POLA TATA RUANG SUKU MELAYU RIAU
Bagi orang Melayu Riau, permukiman atau perkampungan harus dibangun penuh perhitungan, karena di sanalah mereka menetap dan memanjangkan keturunan. Permukiman dibangun dengan landasan adat (budaya) serta kepercayaan yang dianutnya, kemudian disempurnakan dengan larang pantang yang diberlakukan secara ketat. Orang-orang tua Melayu Riau mengingatkan: “dalam menyusuk atau membangun kampung, adat dipegang lembaga dijunjung” atau dikatakan: “apabila hendak menusuk kampung, adat dipakai lembaga dihitung, supaya tuah apat besambung, supaya rezki terus melambung”.
Ketentuan adat iniah yang menjadi acuan dasar dari masyarakat tempatan dalam membuat perkampungan. Sehingga dalam Pemanfaatan Ruang, masyarakat Melayu Riau memiliki aturan pembagian lahan menjadi 3 fungsi yaitu: lahan untuk pemukiman, lahan untuk peladangan dan lahan untuk hutan rimba larangan.
Begitu pun dalam pembagian fungsi hutan, masyarakat Melayu Riau membagi menjadi tiga fungsi, yakni; sebagai hutan sebagai marwah, hutan sebagai sumber nilai budaya dan hutan sebagai sumber ekonomi.
Dengan demikian arah pengembangan tata ruang mempunyai motivasi yang dapat mewujudkan harmonosasi antara kegiatan yang bersifat mengeksploitasi dengan kegiatan yang bersifat memelihara dan mempertahankan kelestarian yang berkenaan dengan kekhasan ekologis, kearifan lokal, historis maupun sosial budaya.
Ketentuan adat ini memberi petunjuk bahwa masyarakat Melayu Riau tidaklah membuat perkampungan dengan semena mena, tetapi melalui proses yang panjang. Hal ini membuktikan bahwa mereka membangun perkampungan dengan perhitungan yang cermat, agar kampung itu memberikan manfaat bagi penghuninya, menimbulkan rasa aman dan sejahtera, serta memberi peluang untuk pengembangan perkampungan atau permukiman kemasa depannya.
Acuan diatas memberi petunjuk betapa ketat dan cermatnya ketentuan adat tentang membangun perkampungan (permukiman). Orang tua menegaskan di dalam menyusuk kampung adat dipakai lembaga dijunjung, atau dikatakan apabila kampung hendak didirikan, adat dan peraturan jadi pedoman, pantang dan larang jadi pegangan, musyawarah mufakat jadi landasan.

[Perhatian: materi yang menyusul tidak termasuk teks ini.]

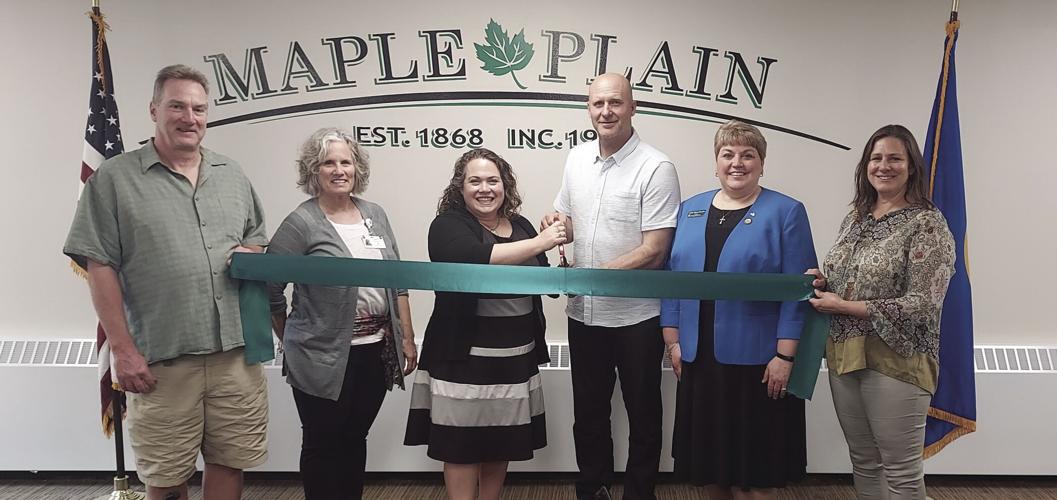 Group of WHCC members cutting a ribbon in the Maple Plain council chamber.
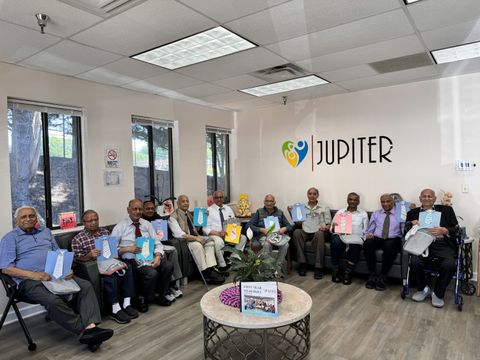 A group of elderly men sitting in a room, each holding a gift bag, with "Jupiter" logo on the wall behind them.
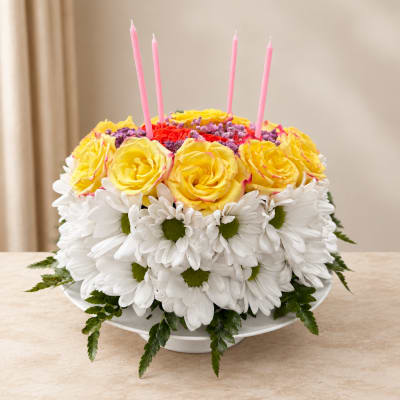 Round floral cake with yellow roses, white daisies, and pink candles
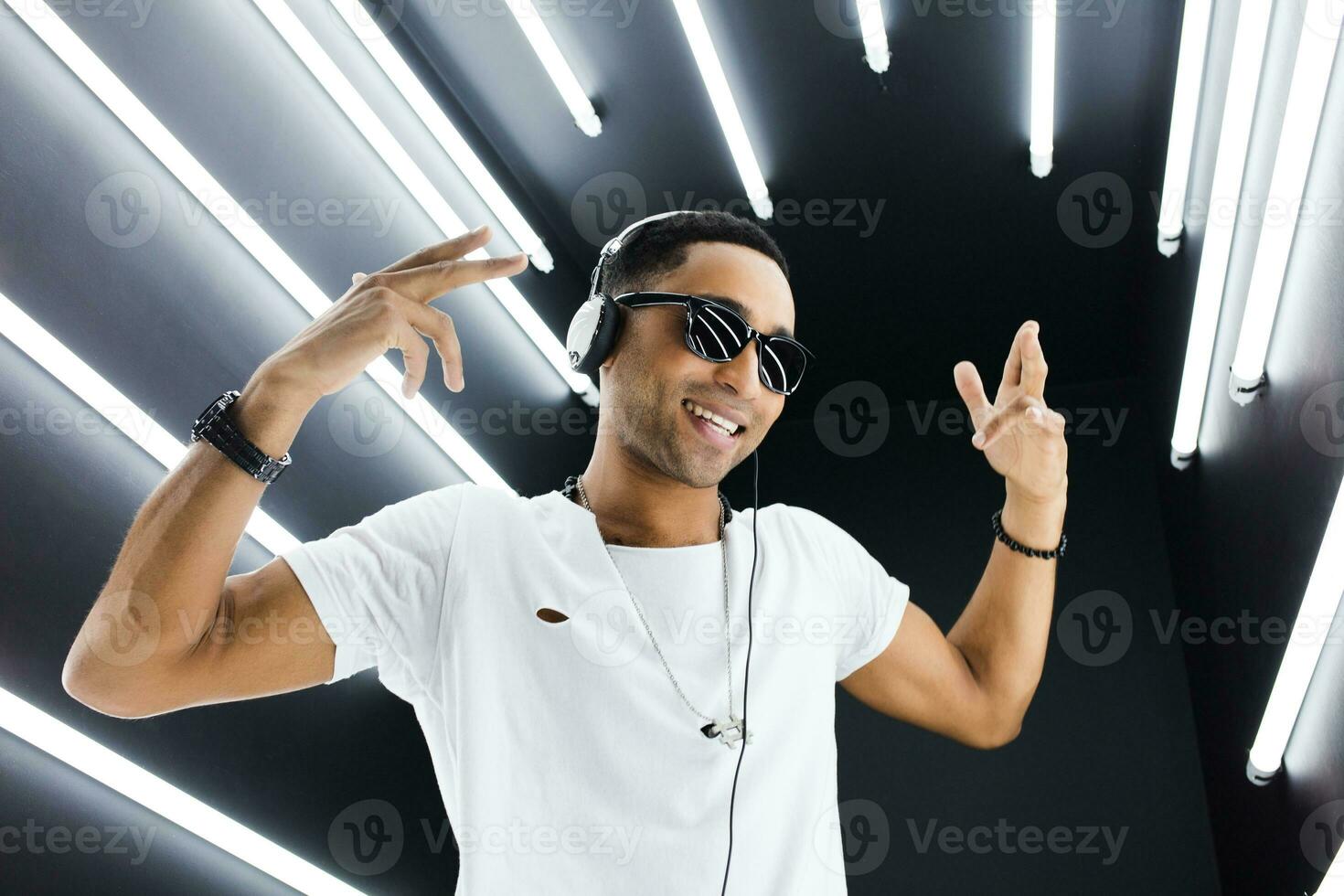 black man dancing in neon lights photo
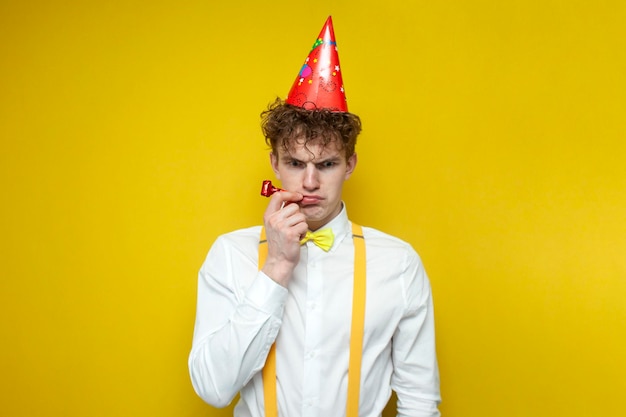 Sad guy in festive outfit and hat is sad unfortunate student in bowtie celebrates birthday alone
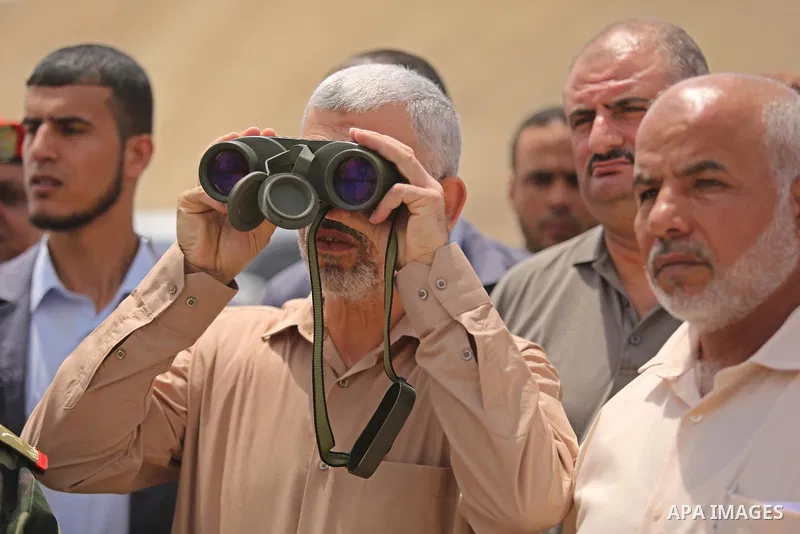 Yahya Sinwar the new leader of the Hamas Islamist movement in the Gaza Strip inspects a section of the border with Egypt, in the southern Gaza strip town of Rafah, on July 6, 2017. The buffer zone is expected to extend f...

Bahkan dalam proses pembangunan rumah, masyarakat Melayu Riau harus memepertimbangkan beberapa hal yang sangat penting demi menjaga keamanan penghuninya dari sesuatu yang bersifat fisik mau pun mistik. Mulai dari kontruksi tanah, lingkungan atau tetangga, status tanah dan seluruhnya harus mendapatkan pernyataan perijinan dan musyawarah adat.
Dari segi tempat ada tiga kategori tanah untuk membangun rumah diantaranya adalah; kontruksi tanahnya liat dan berwarna kuning, tanahnya datar namun miring ke belakang, tanah belukar, dan dekat dengan sumber mata air. Sedangkan jenis tanah yang harus dihindari diantaranya; bekas tempat orang mati berdarah, tanah bekas tempat orang mati karena penyakit menular, tanah pasir dan tanh gembut, tanah bekas kuburan, tanah tahi burung, tanah yang miring ke timur laut, dan tanah wakaf.
Jadi kita bisa melihat betapa masyarakat Melayu Riau begitu hati-hati dalam mengatur tata ruang untuk pemukiman, hutan, bahkan hingga begitu perinci mengatur serta menjaga pantangan yang didasarkan pada hasil musyawarah dan petunjuk pawang ketika hendak membangun rumah. Dalam hal tersebut, terkandung upaya menjaga keselaran dengan alam, adat, dan masyarakat di lingkungan sekitanya.